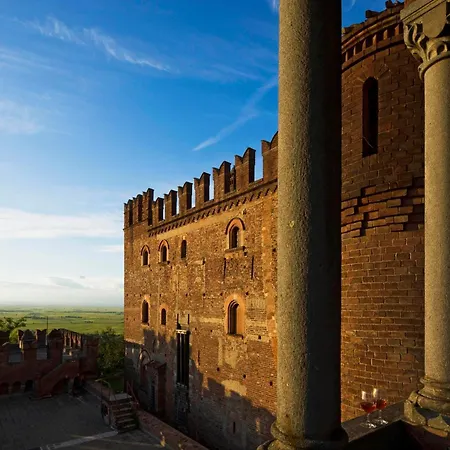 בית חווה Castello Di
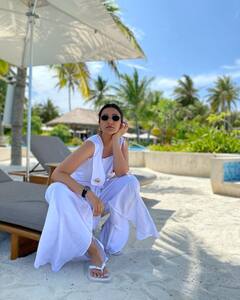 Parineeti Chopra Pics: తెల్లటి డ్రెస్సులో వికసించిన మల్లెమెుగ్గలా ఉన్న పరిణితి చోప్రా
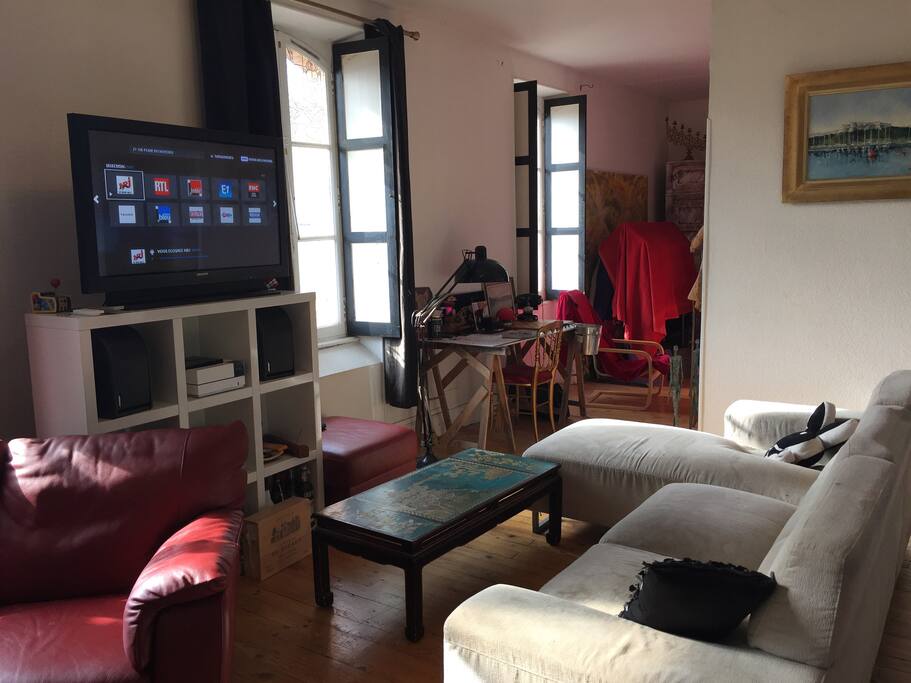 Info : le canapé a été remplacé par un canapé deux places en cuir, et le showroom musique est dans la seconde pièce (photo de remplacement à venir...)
★ ★ ★
## Aim of the task
Starting from the line that contains "Parineeti Chopra Pics: తెల్లటి", transcribe exactly each line down to the final line of the material above, excluding every picture and adding nothing else.

## Finished task
 Parineeti Chopra Pics: తెల్లటి డ్రెస్సులో వికసించిన మల్లెమెుగ్గలా ఉన్న పరిణితి చోప్రా
 Info : le canapé a été remplacé par un canapé deux places en cuir, et le showroom musique est dans la seconde pièce (photo de remplacement à venir...)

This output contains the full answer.